Мы должны проводить существенное различие между голой манерой и оригинальностью. Манера касается лишь частных и потому случайных особенностей художника, поскольку они сказываются в процессе создания художественного произведения и выступают в самом предмете и его идеальном изображении.
α. Манера в этом смысле не имеет никакого отношения к всеобщим видам искусства, которые в себе и для себя требуют различных способов изображения. Так, например, пейзажист должен иначе схватывать предметы, чем живописец, пишущий исторические картины, эпический поэт — иначе, чем лирический или драматический. Манера же представляет собой принадлежащий лишь данному субъекту способ восприятия и случайное своеобразие исполнения, которые могут даже прямо противоречить истинному понятию идеала. Рассматриваемая с этой стороны, манера является самой дурной формой из всех тех, которые может избрать себе художник, ибо в манере он отдается лишь своей ограниченной субъективности как таковой. Искусство же вообще устраняет голую случайность не только содержания, но и внешней формы, и оно требует от художника, чтобы он избавился от случайных и частных субъективных особенностей.
β. Поэтому манера и не противопоставляет себя прямо истинному художественному изображению, а проявляется большей частью лишь во внешних сторонах формы. Более всего она свойственна живописи и музыке, так как эти искусства предоставляют художнику величайший простор для замысла и исполнения внешних сторон. Своеобразный способ изображения, свойственный определенному художнику и его последователям и ученикам, вырождающийся в привычку вследствие частого употребления, составляет здесь манеру, которая может принять одно из следующих двух направлений.
αα. Во-первых, манера может сказываться в способе художественного восприятия. Например, тон воздуха, расположение листьев дерева, распределение света и тени, колорит допускают в живописи бесконечное многообразие. Поэтому именно в цвете и освещении мы находим у живописцев величайшие различия и своеобразные способы восприятия. Иногда мы видим у них колорит, который мы вообще не воспринимаем в природе, потому что не обращаем на него внимания, когда он бывает. Но тому или иному художнику он бросился в глаза, он усвоил его себе и привык теперь видеть и передавать все предметы в этом колорите и с этим освещением.
Это может касаться не только цвета, но и самих предметов, группировки, положения и движения. Эту сторону манеры мы чаще всего встречаем преимущественно у нидерландских живописцев: примерами могут служить трактовка лунного света в картинах ван дер Неера, изображающих ночь, песчаные холмы ван Гойена во многих его ландшафтах, постоянно повторяющийся блеск атласа и других шелковых материй в столь многих картинах прочих мастеров.

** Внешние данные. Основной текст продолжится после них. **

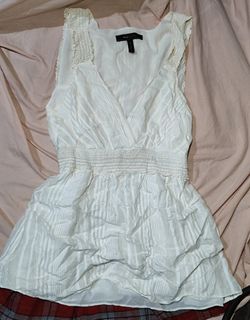 (Category: ) located in . Submitted by cynehllevie (Listing ID 1462119841, Image 1). Description: .
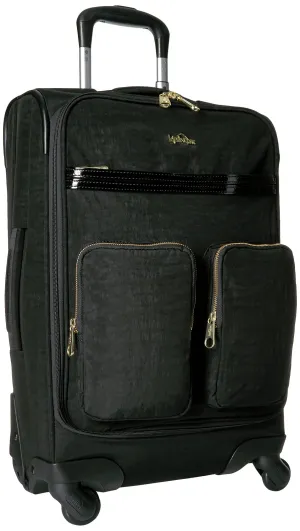 Kipling Ronan Small Carry On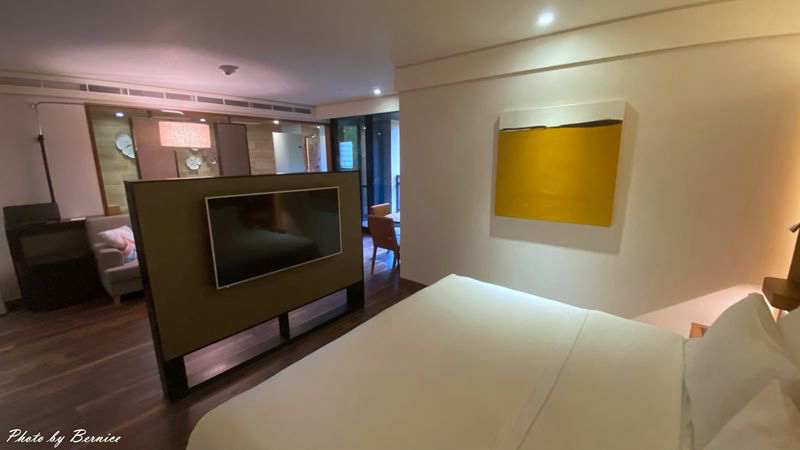 1027 威斯汀08.jpg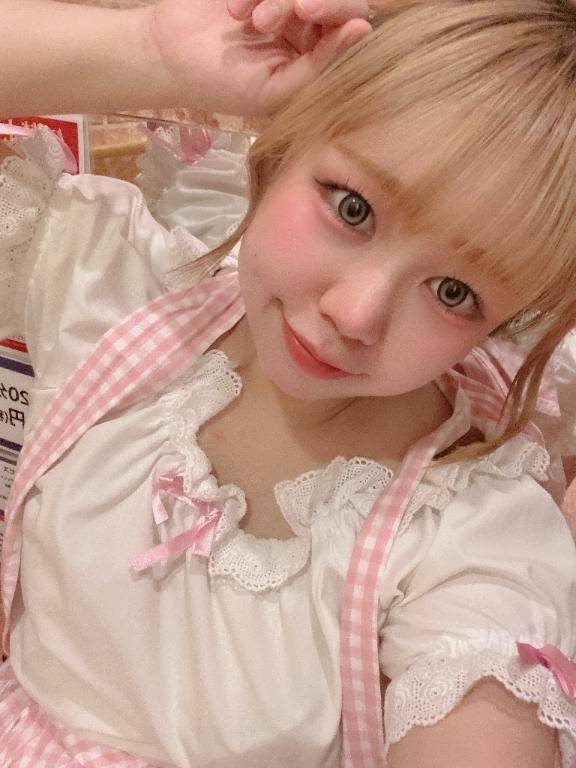 おはよー！！🌸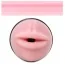 Fleshjack Pink Mouth Original (Флешджек Оригінальний Рожевий Рот) - Фото №10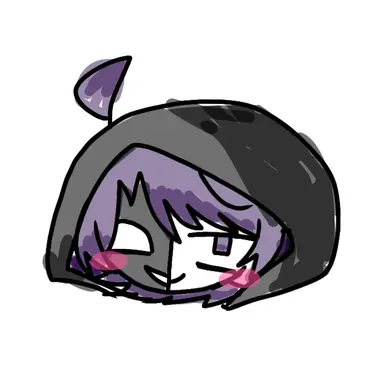 Profile image of ノリ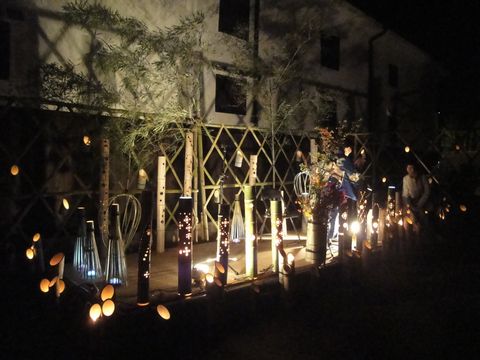 DSC03656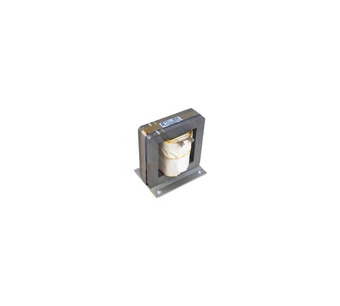 197C25 Image.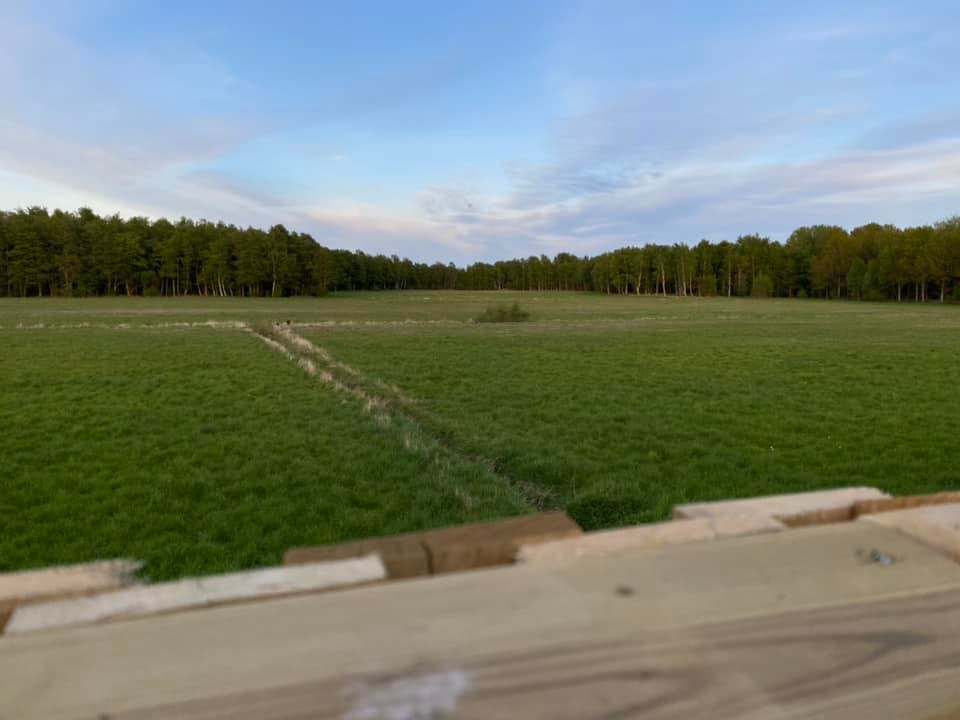 Sansehage på Losæter added a new photo. - Sansehage på Losæter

ββ. Во-вторых, манера сказывается в выполнении, в способе наведения кисти, наложения красок, их соединения и т. д.
γγ. Когда такой специфический характер художественного восприятия и изображения превращается благодаря постоянному повторению в привычку и делается у художника второй натурой, то грозит опасность, что манера выродится в бездушное и вследствие этого бессодержательное повторение, в механический прием, в который художник уже не вкладывает всего своего чувства и вдохновения, и она выродится тем скорее, чем более специальный характер она носит. В этом случае искусство падает до уровня простой виртуозности и ремесленной ловкости, и манера, которая сама по себе не является чем-то отрицательным, может превратиться в нечто банальное и безжизненное.
γ. Подлинная манера должна поэтому избегать ограничения частными особенностями и должна выходить за эти пределы в себе самой, чтобы ее специальные способы трактовки не омертвели и не превратились в простую привычку. Для этого художник должен под более общим углом зрения сообразовываться с природой предмета и, как это вытекает из понятия последнего, он должен уметь освоить этот более общий способ трактовки.
В этом смысле можно, например, у Гёте назвать манерой то, что он умеет искусно кончать веселым оборотом не только застольные песни, но и другие стихотворения, начинающиеся более серьезно, чтобы устранить или смягчить впечатление от серьезного размышления или трудной ситуации. Гораций в своих посланиях также придерживается этой манеры. Этот прием вообще свойствен разговору благовоспитанных людей, собравшихся для препровождения времени. Чтобы не слишком углубляться в суть вопроса, о котором идет речь, участники беседы сдерживаются, обрывают себя посередине и искусно переводят эти глубокие рассуждения в русло более легкого и веселого разговора. Этот способ восприятия также является манерой и принадлежит к субъективным особенностям трактовки, но эта субъективность носит более общий характер и полностью соответствует требованиям данного вида художественного изображения. От этой высшей ступени манеры мы можем перейти к рассмотрению стиля.